| Dataset excerpt |
=== Begin Enclosure ===

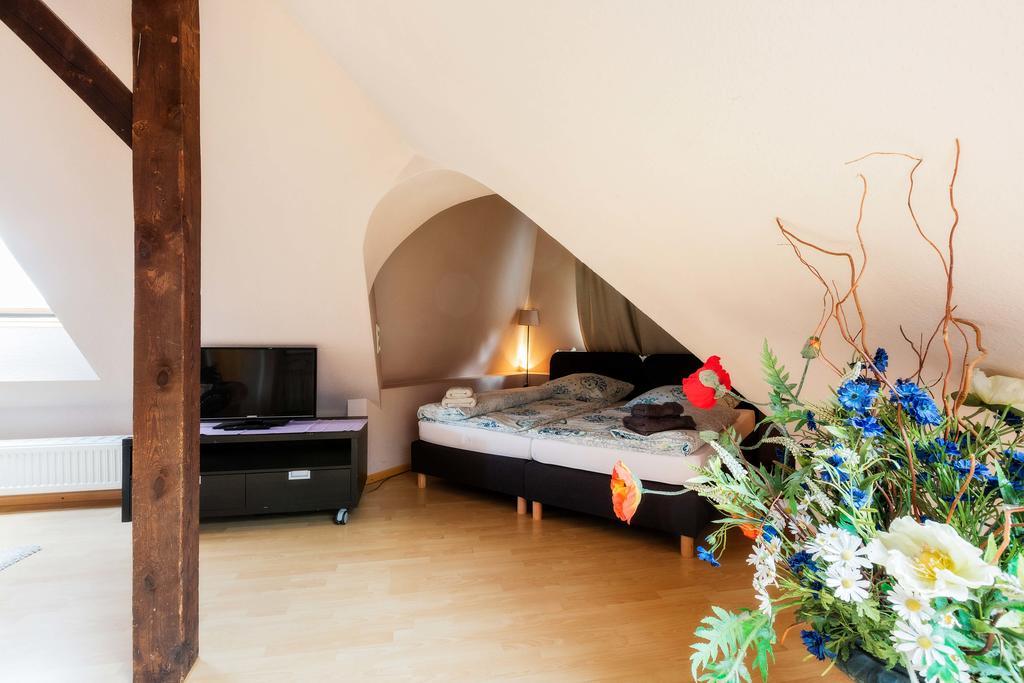Heinsens Ellerbek Bed and Breakfast Exteriör bild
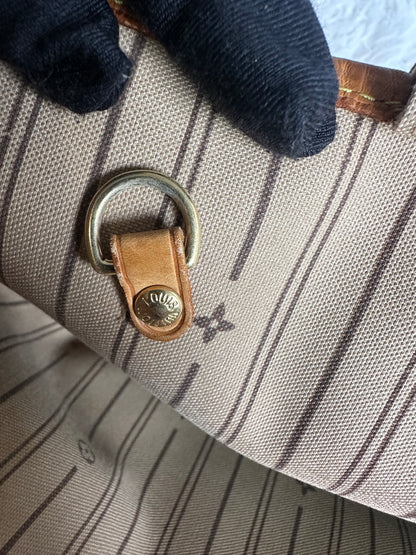 Louis Vuitton Monogram Neverfull MM (NO POUCH)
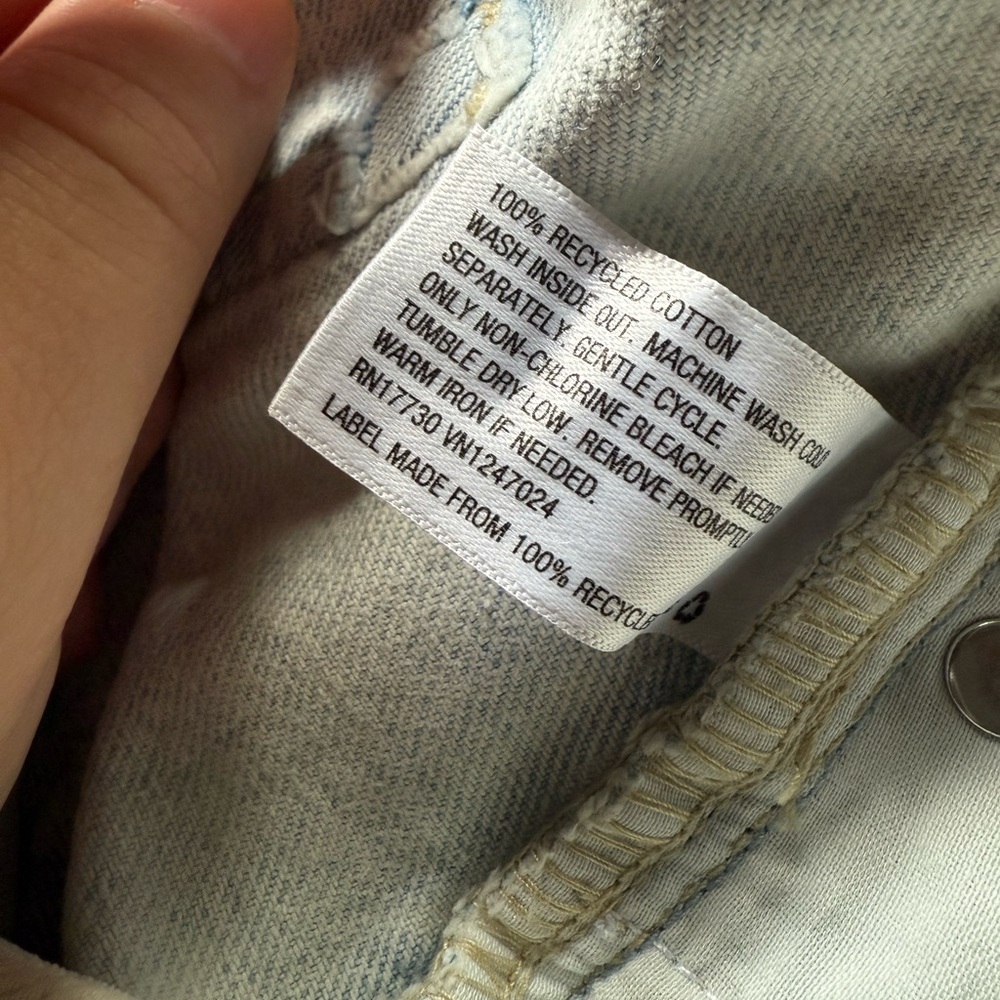 NWT Wild Fable Light Wash Denim Mini Skirt with frayed hem size 6 - Picture 3 of 5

=== End Enclosure ===

One exact copy of the data, no pictures: write it out line for line.

| Answer to this exercise |
Heinsens Ellerbek Bed and Breakfast Exteriör bild
 Louis Vuitton Monogram Neverfull MM (NO POUCH)
 NWT Wild Fable Light Wash Denim Mini Skirt with frayed hem size 6 - Picture 3 of 5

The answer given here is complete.